De alcoholes, plantas demoniacas y brujas

A lo largo de la historia de la humanidad se han consumido sustancias psicoactivas y en la antropología moderna tiene cada vez más aceptación la tesis de que el surgimiento del pensamiento religioso está vinculado al consumo de alguna sustancia visionaria. Prácticamente en todas las culturas de todos los tiempos y latitudes las sociedades han dispuesto de alguna sustancia para modificar el estado de ánimo y la percepción del individuo que la emplea. De modo que no estamos ante un fenómeno extraño, sino que llega hasta nosotros avalado, digámoslo así, por una tradición milenaria. Pero la familiaridad que cada cultura tiene con una sustancia se convierte en aversión y hasta horror por sustancias que le son culturalmente ajenas y desconocidas. Esto es precisamente lo que ocurrió con los frailes franciscanos, dominicos, agustinos y demás que evangelizaron el territorio mexicano. El horror que les causaba ver a los indios o escuchar relatos en los que se daba cuenta del consumo de ololiuhqui, peyote, hongos y otras plantas sacralizadas los llevó a asociarlas con engaños del Demonio y a considerar los ritos asociados a ellas como satánicos. Desde luego que la cultura occidental, la de los frailes y colonizadores, tenía su propia y privilegiada sustancia embriagadora, que era y sigue siendo, el alcohol.

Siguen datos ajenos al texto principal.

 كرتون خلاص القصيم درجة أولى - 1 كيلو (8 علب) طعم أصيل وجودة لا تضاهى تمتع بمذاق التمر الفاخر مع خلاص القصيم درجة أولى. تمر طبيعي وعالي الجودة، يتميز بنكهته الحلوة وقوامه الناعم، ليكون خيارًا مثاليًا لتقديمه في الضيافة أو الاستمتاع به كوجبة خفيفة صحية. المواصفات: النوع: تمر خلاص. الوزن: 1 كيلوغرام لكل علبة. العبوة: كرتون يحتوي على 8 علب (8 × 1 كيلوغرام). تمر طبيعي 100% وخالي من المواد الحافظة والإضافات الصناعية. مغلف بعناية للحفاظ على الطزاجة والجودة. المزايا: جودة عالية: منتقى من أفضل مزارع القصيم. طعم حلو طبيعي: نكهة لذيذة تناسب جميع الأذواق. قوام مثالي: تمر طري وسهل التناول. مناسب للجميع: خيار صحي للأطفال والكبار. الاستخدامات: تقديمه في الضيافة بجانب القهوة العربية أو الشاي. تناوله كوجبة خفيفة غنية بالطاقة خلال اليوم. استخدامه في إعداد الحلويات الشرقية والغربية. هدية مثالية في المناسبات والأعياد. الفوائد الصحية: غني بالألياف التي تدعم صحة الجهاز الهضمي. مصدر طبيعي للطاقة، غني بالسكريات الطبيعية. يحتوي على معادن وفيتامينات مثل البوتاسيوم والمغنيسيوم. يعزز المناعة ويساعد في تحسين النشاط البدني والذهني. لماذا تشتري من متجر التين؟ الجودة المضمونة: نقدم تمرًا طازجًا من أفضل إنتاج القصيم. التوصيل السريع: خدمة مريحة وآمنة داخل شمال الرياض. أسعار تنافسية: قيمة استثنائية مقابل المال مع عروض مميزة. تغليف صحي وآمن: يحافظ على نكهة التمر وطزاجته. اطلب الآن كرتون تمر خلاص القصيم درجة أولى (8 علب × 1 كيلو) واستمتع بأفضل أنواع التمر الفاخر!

El vino, proveniente de los cultos greco-latinos a Dionisos y Baco, fue adoptado por el cristianismo y sublimado por su propia mitología al grado de convertirlo en la sangre misma de Jesucristo.  De esa lejana tradición derivan los miles de vinos, licores y aguardientes que proliferan y dan vida y alegría a las reuniones en el mundo occidental, pero también muerte, dolor y violencia. Sin embargo a nadie se le ocurre pensar en el alcohol como una droga. Esta sustancia queda fuera del estigma que la palabra droga impone porque nos es familiar culturalmente.

Tanto las tradiciones orientales que empleaban el opio y el hashish, como las mesoamericanas que utilizaban la mezcalina en el peyote,  la psilocibina en los hongos, o la dietilamida de ácido lisérgico en el ololiuhqui, o las grecolatinas que usaban plantas solanáceas o el cornezuelo de trigo, fueron satanizadas, literalmente, por la tradición judeocristiana, que sólo rescató de la antigua Grecia el vino. Ya en los ritos de Baco, Attis y Mitra, el vino se consideraba como sangre divina, y la gran cantidad de vasos hallados en las catacumbas revela la embriaguez ritual de los primeros cristianos que adoptaron algunas costumbres del mundo grecolatino. Esta es la razón, histórica y religiosa, que explica por qué el alcohol es una droga socialmente aceptada en Occidente, mientras se ve con desconfianza, se persigue y se castiga el empleo de otras sustancias.

En la tradición occidental, además de vinos y cervezas, los griegos usaron con fines ceremoniales y lúdicos el cáñamo y otras solanáceas como el beleño, la mandrágora y la belladona, en ocasiones colocándolas en las brazas ardientes de los sahumerios. Estas tres últimas plantas fueron muy utilizadas en el mundo europeo durante la edad media y hasta el siglo XVII asociadas por el cristianismo con la brujería. La imagen de la bruja volando en una escoba tiene precisamente que ver con los ungüentos y pomadas elaborados con estas potentes plantas psicoactivas que se aplicaban por vía vaginal mediante el palo de una escoba. La persecución de estas y otras prácticas que provenían del mundo greco-latino fue terrible: en una Europa que rondaba los 3 millones de habitantes, los inquisidores católicos y protestantes lograron quemar vivas a unas 500 mil personas entre los siglos XV y XVII, e incautar los bienes de varios millones más.